JIM LEHRER: Finally tonight, a statue of a young Helen Keller comes to the Congress. NewsHour congressional correspondent Kwame Holman was there.
KWAME HOLMAN: Two young students from the Alabama Institute for the Deaf and Blind sang for the leaders of Congress and a large crowd in the Capitol Rotunda this morning.
ANNOUNCER: Ladies and gentlemen, the statue of Helen Keller.
KWAME HOLMAN: They had gathered for the unveiling of a statue of perhaps Alabama’s most famous daughter, Helen Keller.

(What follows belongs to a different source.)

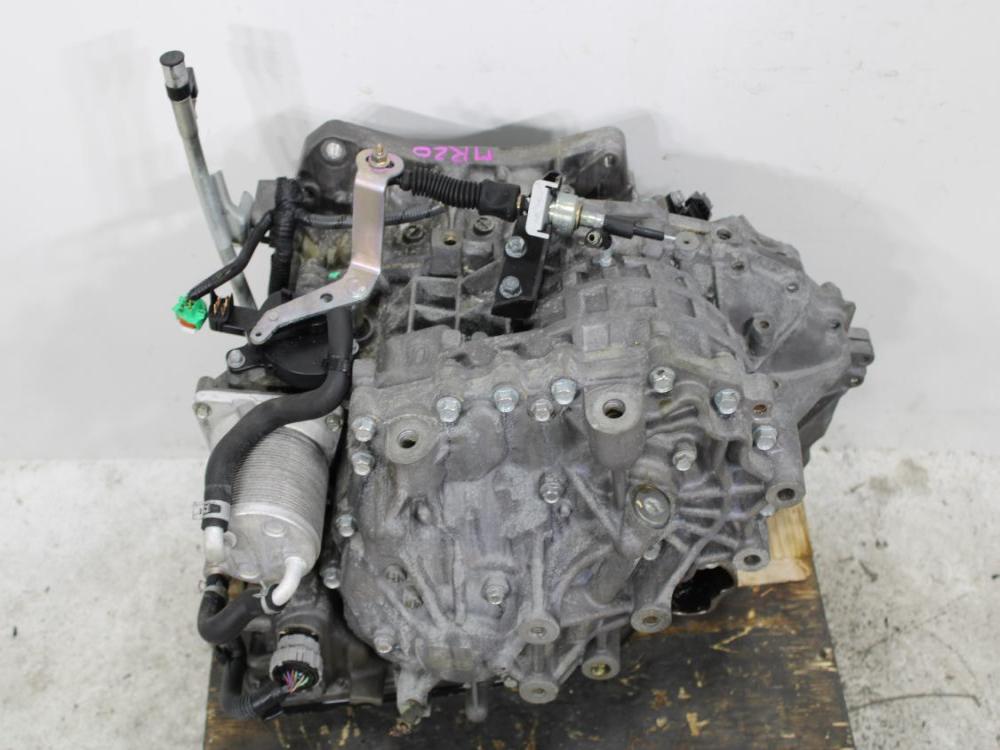 JDM 2007-2012 NISSAN SENTRA MR20-DE 2.0L DOHC 4CYL CVT,13-14 NV200 AUTO TRANSMISSION: Image 11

SEN. MITCH MCCONNELL, R-Ky., Senate Minority Leader: By dedicating this statue in this place of giants, we show that those whom the world calls imperfect are not only worth our attention. They’re worth our highest honors.
KWAME HOLMAN: The bronze cast depicts the world-famous activist for disability rights as a 7-year-old child, the time when the deaf and blind Keller made the connection between her teacher’s words and the water running from the pump at her family home in Tuscumbia, Alabama.
ANNE BANCROFT, actress, “Annie Sullivan”: W-a-t-e-r, water. It has a name.
KWAME HOLMAN: The scene was made iconic by the 1962 movie “The Miracle Worker.”
PATTY DUKE, actress, “Helen Keller”: Water. Water.
KWAME HOLMAN: Keller went on to become the first deaf and blind person to earn a college degree, sat with heads of state, and secured access and opportunities for the disabled. She died in 1968.
Carl Augusto is president of the American Foundation for the Blind.
CARL AUGUSTO, president, American Foundation for the Blind: She embodied the American spirit of limitless possibility by becoming a famous American activist, a prolific writer, a prolific lecturer.
KWAME HOLMAN: The statue will replace that of an Alabama confederate officer and educator as one of the two statues each state is granted in the Capitol. Keller’s will be the ninth of a woman and the only one of a person with disabilities.
Alabama’s congressional delegation was well-represented at the ceremony. Senator Jeff Sessions.
SEN. JEFF SESSIONS, R-Ala.: I can’t think of a better person for the state to honor and, really, for the nation to honor.
KWAME HOLMAN: Congressman Artur Davis.
REP. ARTUR DAVIS, D-Ala.: So why not offer up a symbol to the United States of America that says, “This is someone who shattered glass ceilings, someone who broke barriers”? That’s what Alabama now offers as a statement of who we are.
KWAME HOLMAN: Speakers said, as the only statue of a child, Keller’s likeness will interest and inspire many of the children who see it in its permanent place inside the Capitol Visitors Center.